ARTICULATION - Refers to the amount of vertical travel an axle or suspension arm has in relation to the chassis. In effect, the more articulation a model has, the bigger obstacles it can overcome without unsettling the chassis. On road models usually have very little articulation, while some rock crawlers may have enough articulation to allow the axles to pivot 90 degrees in relation to the chassis. However, 45* is usually a good starting point for crawlers, since too much articulation may cause the model to feel 'sloppy' and roll over easily while side hilling.
ARTR (ALMOST READY TO RUN) - RACE ROLLER - This is basically a kit that is built at the factory (RTR), except the engine / motor and electronics (including radio gear) are not included. It is also common for ARTRs to not include tires or a body. ARTRs are often 'team spec' rides.
ATDC - Abbreviation - See AFTER TOP DEAD CENTER
ATTITUDE - This refers to the angle of an off road model while in the air during a jump. There are 4 basic attitudes: nose up, level, nose down, and FUBAR. Level is best. If you're nose up, tap the brakes to level out. If you're nose down, get on the throttle to level out.
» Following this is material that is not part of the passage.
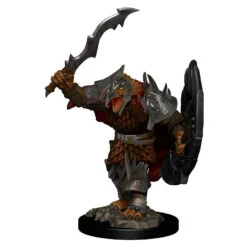 Dungeons & Dragons - Premium Male Dragonborn Fighter Miniature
If you're FUBAR, things are going to get ugly.
ATV - Abbreviation for ADJUSTABLE TRAVEL VOLUME - See END POINT ADJUSTMENT
AUTO CYCLE - An option available on some chargers that cycles (discharges, charges, discharges, charges, ect.) the cell or pack a preset or user defined number of times.
AV/V - AVERAGE VOLTAGE (BATTERY LABEL) - An average of the cell's voltage from the beginning of a discharge cycle to the cut off (the cut off is usually 0.90v). The AV/V rating is handy for estimating how the cell or pack will perform throughout it's entire use cycle (A.K.A a race). A higher average voltage is best. Note that a higher cutoff voltage raises the AV/V rating, while a higher discharge rate lowers it.
AWG (AMERICAN WIRING GAUGE) - See GAUGE
AXLE - Refers to the shaft that transfers power from the diff to the tires, or to the shaft that the tires rotate on (such as a stub axle). A driveshaft (which transfers power from the tranny to the diff) is also commonly referred to as an axle. In many cases, the axle may only refer to the portion of a universal or CV shaft that is supported by the hub (the end that the rim bolts to). The term "drive axle" is used to denote an axle that actually transfers power to the tires - such as the rear axle on a pan car. Solid axle models (such as rock crawlers) use an integrated axle and diff housing.
AXLE CARRIER - See HUB
AXLE PIN - DRIVE PIN - HEX PIN - A small metal pin that is inserted into a hole in a drive axle just outside of the hub carrier. This holds the axle in the hub and provides a mounting key for the rims. Depending on the model, the rim may be keyed directly to the axle pin, or a wheel hex may be keyed to the pin with the rim keyed to the hex. Either way, the pin allows the rim to be secured to the axle and rotate with it. Keep an eye on your axle pins, they tend to wander off once your rims are removed.
AXLE STALL - This is a concern for electric, dual motor rock crawlers. Axle stall occurs when the model is attempting a steep climb and the weight of the model exceeds the power of the motor on an axle - causing the motor on that axle to 'stall'. Increasing battery voltage or wiring the motors in a series can help eliminate axle stall, as well as installing a smaller pinion or larger spur gear (gearing down). Axle stall is not always a bad thing - it can actually be helpful for the rear axle to stall during a near vertical climbs, this helps prevent the rear wheels from pushing the rig over backwards.
AXLE WOBBLE - Refers to a wobble or shaking of a solid axle (such as those on pan cars). This may be caused by an axle that is mounted at an angle or has worn bushings, bearings, or cam style inserts. However, the most common cause is a bent axle or axles that aren't ground true (such as graphite or carbon fiber axles).